### Data provided:
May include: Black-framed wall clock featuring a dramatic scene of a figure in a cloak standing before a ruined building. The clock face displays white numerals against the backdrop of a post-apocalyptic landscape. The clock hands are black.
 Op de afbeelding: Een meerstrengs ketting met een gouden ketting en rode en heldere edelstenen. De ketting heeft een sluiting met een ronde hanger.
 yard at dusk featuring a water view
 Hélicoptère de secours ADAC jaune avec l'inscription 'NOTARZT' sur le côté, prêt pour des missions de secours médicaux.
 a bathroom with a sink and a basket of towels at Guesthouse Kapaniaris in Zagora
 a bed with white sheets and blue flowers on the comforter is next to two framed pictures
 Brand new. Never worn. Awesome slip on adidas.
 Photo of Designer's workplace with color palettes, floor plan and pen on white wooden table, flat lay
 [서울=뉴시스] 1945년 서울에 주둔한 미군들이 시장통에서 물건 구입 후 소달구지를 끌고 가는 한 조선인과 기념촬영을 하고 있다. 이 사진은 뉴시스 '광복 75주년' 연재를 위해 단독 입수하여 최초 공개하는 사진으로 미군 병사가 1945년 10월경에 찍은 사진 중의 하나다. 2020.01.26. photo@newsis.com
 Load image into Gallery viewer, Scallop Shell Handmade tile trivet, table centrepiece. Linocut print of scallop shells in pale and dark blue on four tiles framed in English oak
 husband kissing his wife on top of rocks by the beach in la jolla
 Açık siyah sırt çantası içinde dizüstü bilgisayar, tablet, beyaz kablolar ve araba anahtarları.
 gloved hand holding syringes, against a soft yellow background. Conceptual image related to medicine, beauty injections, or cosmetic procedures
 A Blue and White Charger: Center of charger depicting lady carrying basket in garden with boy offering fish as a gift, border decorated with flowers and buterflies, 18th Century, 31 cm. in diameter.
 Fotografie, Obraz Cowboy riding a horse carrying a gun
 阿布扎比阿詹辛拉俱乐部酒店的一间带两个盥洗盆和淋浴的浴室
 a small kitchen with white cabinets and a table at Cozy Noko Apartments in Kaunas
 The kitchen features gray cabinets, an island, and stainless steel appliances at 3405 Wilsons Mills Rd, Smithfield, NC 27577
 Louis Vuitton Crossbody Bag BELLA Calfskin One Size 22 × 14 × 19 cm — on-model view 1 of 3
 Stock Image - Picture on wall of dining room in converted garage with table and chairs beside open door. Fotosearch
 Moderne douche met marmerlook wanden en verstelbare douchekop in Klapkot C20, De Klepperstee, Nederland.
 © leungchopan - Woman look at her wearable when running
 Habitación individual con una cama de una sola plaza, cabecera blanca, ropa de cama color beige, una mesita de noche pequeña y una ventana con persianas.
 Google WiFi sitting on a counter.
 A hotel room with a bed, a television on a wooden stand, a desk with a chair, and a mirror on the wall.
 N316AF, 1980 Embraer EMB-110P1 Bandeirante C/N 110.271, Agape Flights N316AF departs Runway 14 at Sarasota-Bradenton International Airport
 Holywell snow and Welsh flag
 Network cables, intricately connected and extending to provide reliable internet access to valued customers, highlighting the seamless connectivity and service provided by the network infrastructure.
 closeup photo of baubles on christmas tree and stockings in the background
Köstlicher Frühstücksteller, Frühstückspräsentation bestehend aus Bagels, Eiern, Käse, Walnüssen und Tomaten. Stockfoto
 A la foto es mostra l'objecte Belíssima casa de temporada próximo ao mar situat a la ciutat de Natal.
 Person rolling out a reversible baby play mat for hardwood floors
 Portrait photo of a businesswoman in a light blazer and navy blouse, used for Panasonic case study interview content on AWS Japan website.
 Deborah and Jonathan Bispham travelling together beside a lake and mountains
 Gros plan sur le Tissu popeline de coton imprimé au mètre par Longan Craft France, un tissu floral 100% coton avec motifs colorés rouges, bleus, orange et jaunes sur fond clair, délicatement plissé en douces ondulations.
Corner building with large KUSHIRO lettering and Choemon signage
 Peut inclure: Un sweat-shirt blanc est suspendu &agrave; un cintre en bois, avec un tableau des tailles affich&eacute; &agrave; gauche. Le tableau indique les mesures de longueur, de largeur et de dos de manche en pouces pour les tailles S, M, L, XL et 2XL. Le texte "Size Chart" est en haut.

### Assignment:
The required output is every line from the one with "Gros plan sur" to the final line of the entries, repeated exactly and with nothing else.

### Exercise answer:
 Gros plan sur le Tissu popeline de coton imprimé au mètre par Longan Craft France, un tissu floral 100% coton avec motifs colorés rouges, bleus, orange et jaunes sur fond clair, délicatement plissé en douces ondulations.
Corner building with large KUSHIRO lettering and Choemon signage
 Peut inclure: Un sweat-shirt blanc est suspendu &agrave; un cintre en bois, avec un tableau des tailles affich&eacute; &agrave; gauche. Le tableau indique les mesures de longueur, de largeur et de dos de manche en pouces pour les tailles S, M, L, XL et 2XL. Le texte "Size Chart" est en haut.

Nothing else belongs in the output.